Analyse historique des résistances à la vaccination, transposable à notre époque : refuser ce progrès scientifique, c’était s’opposer à l’État.
C’est ce que développe l’historien Jean-Luc Chappey dans son livre Pasteur et les antivax. Dans les années 1880, lorsque Louis Pasteur met au point le vaccin contre la rage, les débats sont d’une violence verbale comparable à ceux d’aujourd’hui avec son lot de fausses rumeurs : les vaccins transmettraient le "virus juif" ; les épidémies seraient "un mal imaginaire" inventé pour enrichir les producteurs de vaccins ; les maladies seraient "artificielles", créées en laboratoire par les vaccinateurs appartenant à l’oligarchie de la "science officielle" ; les individus vaccinés seraient "plus prédisposés que les non-vaccinés à être atteints des diverses maladies contagieuses", quand ils ne meurent pas directement du vaccin…
Jean-Luc Chappey se garde bien de traiter avec mépris ces pionniers du mouvement antivax.

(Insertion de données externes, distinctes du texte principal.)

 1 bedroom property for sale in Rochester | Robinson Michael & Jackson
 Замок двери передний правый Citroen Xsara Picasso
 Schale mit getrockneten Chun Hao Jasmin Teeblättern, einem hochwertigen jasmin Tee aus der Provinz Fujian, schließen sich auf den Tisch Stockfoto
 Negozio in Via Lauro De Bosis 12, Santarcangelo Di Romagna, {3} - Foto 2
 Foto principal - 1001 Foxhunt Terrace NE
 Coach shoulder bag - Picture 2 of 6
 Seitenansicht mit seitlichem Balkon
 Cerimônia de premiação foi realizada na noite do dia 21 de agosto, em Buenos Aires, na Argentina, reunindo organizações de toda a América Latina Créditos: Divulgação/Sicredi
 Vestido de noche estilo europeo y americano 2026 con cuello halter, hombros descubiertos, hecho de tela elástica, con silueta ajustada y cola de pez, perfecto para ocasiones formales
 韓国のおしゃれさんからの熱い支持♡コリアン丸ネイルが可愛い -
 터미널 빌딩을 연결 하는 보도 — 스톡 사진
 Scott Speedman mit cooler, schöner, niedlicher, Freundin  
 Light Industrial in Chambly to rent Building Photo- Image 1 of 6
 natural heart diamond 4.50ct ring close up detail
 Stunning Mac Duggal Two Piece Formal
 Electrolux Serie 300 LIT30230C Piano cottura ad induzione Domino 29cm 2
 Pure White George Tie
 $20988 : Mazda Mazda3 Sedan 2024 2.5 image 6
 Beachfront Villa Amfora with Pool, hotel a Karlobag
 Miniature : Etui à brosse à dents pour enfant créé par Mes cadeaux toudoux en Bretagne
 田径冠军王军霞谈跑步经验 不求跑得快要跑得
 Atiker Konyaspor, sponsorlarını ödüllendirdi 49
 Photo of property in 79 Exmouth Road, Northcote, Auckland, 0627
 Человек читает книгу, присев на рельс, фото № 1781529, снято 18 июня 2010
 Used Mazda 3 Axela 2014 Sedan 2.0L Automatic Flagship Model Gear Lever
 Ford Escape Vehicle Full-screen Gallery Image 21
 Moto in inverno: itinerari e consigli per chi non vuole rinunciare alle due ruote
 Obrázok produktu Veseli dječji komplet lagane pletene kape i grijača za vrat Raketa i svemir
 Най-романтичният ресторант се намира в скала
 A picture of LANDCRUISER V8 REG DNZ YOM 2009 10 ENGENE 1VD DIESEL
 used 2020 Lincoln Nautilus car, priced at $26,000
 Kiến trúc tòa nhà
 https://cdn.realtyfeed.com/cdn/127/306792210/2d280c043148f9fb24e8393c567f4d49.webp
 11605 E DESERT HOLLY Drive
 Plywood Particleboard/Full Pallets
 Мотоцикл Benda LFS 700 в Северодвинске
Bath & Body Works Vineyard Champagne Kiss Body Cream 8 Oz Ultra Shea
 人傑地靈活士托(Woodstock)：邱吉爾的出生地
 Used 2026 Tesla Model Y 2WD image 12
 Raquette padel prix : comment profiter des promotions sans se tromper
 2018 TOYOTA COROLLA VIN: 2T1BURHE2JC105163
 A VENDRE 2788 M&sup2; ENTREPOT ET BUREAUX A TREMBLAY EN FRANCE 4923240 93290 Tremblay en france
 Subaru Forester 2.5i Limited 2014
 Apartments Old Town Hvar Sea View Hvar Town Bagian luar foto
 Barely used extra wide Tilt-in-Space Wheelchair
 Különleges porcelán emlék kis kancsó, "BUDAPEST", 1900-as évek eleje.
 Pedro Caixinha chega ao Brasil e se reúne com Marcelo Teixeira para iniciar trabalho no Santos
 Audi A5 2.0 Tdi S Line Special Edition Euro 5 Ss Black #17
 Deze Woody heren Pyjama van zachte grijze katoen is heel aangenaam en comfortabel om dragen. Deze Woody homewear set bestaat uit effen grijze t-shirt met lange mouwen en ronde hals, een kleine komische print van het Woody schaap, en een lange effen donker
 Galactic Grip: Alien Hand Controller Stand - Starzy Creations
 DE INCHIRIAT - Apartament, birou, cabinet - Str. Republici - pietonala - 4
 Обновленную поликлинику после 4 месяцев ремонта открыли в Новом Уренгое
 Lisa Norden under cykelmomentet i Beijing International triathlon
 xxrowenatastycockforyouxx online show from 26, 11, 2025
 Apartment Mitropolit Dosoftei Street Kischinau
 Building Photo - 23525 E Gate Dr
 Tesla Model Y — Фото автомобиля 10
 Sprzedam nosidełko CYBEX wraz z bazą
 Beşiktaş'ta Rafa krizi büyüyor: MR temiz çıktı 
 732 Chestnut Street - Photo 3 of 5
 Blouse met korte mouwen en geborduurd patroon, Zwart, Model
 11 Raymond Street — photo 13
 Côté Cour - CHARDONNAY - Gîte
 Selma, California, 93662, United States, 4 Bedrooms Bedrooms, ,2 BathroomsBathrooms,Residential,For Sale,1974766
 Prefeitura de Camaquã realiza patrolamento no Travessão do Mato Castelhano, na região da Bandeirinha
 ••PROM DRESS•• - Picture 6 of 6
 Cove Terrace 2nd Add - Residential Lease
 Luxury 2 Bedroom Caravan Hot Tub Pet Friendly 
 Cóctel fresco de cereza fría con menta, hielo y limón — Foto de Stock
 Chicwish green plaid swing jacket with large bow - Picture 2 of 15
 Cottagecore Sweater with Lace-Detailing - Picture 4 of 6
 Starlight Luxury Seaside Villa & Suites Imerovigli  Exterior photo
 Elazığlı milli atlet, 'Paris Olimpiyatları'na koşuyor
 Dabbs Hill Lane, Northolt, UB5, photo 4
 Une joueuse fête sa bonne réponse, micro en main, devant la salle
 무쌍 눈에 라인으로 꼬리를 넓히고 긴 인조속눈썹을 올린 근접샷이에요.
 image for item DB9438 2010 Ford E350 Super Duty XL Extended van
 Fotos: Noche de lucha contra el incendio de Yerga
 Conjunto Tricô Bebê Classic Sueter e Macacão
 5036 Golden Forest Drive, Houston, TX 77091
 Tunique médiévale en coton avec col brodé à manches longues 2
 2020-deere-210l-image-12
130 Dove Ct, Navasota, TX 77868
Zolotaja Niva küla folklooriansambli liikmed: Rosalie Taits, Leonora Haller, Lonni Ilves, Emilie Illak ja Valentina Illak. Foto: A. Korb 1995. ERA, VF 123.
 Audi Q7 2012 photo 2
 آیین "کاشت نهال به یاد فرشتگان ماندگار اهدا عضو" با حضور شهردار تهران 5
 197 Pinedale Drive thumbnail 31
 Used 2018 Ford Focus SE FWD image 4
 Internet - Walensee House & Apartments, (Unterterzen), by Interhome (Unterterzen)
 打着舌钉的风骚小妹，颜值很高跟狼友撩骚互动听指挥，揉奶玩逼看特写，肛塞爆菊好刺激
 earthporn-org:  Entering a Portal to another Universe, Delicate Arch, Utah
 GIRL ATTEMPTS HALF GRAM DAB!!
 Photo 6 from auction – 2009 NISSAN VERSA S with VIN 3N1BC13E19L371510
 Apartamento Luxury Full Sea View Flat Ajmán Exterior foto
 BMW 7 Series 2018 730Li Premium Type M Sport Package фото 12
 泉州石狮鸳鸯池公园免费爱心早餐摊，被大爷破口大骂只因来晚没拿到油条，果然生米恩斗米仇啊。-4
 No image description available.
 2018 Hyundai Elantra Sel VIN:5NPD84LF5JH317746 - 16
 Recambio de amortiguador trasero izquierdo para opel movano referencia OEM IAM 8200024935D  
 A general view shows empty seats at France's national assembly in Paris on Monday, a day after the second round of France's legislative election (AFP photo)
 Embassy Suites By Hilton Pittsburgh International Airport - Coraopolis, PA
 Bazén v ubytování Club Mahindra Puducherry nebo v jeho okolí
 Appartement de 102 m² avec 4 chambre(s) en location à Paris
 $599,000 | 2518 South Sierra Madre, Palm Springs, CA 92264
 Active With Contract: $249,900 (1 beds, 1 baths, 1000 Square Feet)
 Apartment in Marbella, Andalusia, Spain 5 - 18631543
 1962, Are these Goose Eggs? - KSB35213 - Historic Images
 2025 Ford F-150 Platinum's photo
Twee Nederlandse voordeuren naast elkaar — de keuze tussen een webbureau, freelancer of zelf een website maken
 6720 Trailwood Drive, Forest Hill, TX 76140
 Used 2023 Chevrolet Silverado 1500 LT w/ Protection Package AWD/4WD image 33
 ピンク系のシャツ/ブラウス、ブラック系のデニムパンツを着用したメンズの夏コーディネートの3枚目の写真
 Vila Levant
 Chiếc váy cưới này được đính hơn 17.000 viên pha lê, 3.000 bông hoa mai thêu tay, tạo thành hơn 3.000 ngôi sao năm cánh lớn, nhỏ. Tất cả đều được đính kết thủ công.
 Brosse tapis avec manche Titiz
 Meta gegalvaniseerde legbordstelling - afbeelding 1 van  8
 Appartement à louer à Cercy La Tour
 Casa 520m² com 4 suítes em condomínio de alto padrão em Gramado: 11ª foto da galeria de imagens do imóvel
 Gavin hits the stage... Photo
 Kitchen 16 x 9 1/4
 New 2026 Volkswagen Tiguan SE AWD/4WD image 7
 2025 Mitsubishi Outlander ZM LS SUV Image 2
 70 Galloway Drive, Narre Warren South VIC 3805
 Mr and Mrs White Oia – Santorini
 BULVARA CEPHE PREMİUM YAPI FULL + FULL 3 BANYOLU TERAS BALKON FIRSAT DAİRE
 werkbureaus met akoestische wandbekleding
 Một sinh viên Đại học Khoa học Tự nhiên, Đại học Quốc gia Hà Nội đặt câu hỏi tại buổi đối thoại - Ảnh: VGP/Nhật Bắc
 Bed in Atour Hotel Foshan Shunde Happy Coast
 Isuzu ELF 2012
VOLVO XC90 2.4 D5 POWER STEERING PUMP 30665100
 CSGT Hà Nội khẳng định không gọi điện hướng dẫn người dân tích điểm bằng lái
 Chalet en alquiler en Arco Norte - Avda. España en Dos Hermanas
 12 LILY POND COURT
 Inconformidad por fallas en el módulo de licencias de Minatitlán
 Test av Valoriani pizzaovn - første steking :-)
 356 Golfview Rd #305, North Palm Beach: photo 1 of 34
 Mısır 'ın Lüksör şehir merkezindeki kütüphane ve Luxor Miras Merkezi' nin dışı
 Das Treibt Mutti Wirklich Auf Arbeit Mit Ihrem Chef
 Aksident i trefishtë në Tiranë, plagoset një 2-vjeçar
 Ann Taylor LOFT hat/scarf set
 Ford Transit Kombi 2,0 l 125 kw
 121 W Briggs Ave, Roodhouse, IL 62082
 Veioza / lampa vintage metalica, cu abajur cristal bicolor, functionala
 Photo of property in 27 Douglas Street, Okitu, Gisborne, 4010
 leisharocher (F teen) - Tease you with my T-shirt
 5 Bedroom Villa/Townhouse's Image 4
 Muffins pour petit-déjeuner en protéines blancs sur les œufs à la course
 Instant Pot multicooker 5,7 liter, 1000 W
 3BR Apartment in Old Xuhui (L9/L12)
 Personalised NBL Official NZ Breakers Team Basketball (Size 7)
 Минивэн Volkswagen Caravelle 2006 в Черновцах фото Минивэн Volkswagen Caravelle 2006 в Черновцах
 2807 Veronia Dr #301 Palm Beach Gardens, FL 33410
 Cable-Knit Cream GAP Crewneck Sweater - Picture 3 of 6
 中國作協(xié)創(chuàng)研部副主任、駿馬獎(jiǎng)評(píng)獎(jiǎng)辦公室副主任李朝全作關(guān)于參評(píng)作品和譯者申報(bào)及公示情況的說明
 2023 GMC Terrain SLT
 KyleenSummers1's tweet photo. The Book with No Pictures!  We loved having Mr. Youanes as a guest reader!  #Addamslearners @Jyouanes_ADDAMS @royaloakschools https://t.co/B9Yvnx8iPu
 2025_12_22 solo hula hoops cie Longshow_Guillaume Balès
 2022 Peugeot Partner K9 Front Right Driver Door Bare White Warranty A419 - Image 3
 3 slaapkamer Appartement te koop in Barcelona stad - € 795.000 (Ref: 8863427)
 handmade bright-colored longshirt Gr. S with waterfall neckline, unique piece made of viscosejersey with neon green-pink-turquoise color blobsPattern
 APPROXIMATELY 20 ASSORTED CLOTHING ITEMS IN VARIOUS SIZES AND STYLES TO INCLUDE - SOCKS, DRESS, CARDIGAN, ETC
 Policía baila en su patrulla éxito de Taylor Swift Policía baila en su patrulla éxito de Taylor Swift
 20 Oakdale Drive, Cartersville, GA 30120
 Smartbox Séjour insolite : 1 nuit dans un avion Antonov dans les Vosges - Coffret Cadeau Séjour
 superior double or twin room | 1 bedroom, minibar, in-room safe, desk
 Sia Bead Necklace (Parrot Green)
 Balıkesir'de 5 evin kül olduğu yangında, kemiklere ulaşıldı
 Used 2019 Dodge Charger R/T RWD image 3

Bien que ces derniers aient eu scientifiquement tort et aient eu massivement recours à la désinformation, l’historien montre que leurs motivations dépassaient largement le débat purement scientifique. Instrumentalisés dans un moment de grande perturbation sociale et politique, les vaccins ont cristallisé malgré eux des craintes qui les dépassaient largement.
En 1885, Pasteur sauve un enfant atteint de la rage (maladie jusqu’ici mortelle et incurable) en lui injectant son vaccin. Il met en évidence l’existence des microbes, organismes invisibles mais responsables de nombreuses maladies, permet la réalisation de progrès considérables contre les infections notamment via la "pasteurisation". Mais Pasteur est aussi un habile homme d’affaires et ses travaux lui permettent de déposer des brevets sur des procédés de fermentation alcoolique qui contribuent à faire de lui l’un des savants les plus riches de son temps. Fervent soutien de Napoléon III, il se rallie ensuite à la République et sait cultiver ses réseaux, utiliser la presse pour lever les fonds nécessaires à ses travaux.
Pasteur développe un culte du secret autour de ses découvertes pour les protéger économiquement, refusant de soumettre l’analyse de ses travaux à ses pairs. Cela contribue à alimenter les soupçons de fraudes, de pratiques occultes voire de complots.
Avec la découverte des microbes, Pasteur impose l’idée d’une cause externe des maladies et d’une médecine de laboratoire, faite de microbiologistes et d’experts tenant l’opinion à l’écart.
Ses adversaires se lèvent donc, non sans raisons, contre une "oligarchie scientifique" et une "médecine commerciale" au service du capital et de ses profits. De nombreux médecins, de "l’école hippocratique", rejettent l’existence des microbes au nom d’une vision holistique de la santé humaine : les maladies ne seraient pas dues à l’infection par des agents pathogènes extérieurs mais aux déséquilibres internes du corps. La santé serait donc, selon eux, une question sociale qui nécessite de s’occuper d’un "art de vivre".
En promouvant les vaccins, Pasteur et le gouvernement sont accusés d’agir au détriment d’un véritable programme social en faveur des ouvriers et des démunis. La perspective de la vaccination obligatoire est ressentie comme une immixtion de plus en plus autoritaire de l’État dans les affaires privées des citoyens.
Les forces politiques conservatrices sont, dans un premier temps, les soutiens de Pasteur qui rencontre la méfiance ou l’hostilité de la gauche radicale et socialiste.
Les critiques du Pasteurisme ont encore aujourd’hui leur actualité : manque de transparence scientifique et refus de la critique, collusion avec des intérêts économiques privés et instrumentalisation de la science par un État qui écarte les "extrêmes" en s’arrogeant le monopole de la raison scientifique.
"Plus qu’une véritable alternative à la politique vaccinale, un Didier Raoult est progressivement devenu l’incarnation des opposants à l’État et aux représentants officiels de la science", conclut Jean-Luc Chappey qui préconise de démocratiser celle-ci. "Faire de la science et des objets scientifiques, tels que les vaccins, un espace ouvert de débat et non une zone confisquée par des gardiens du temple".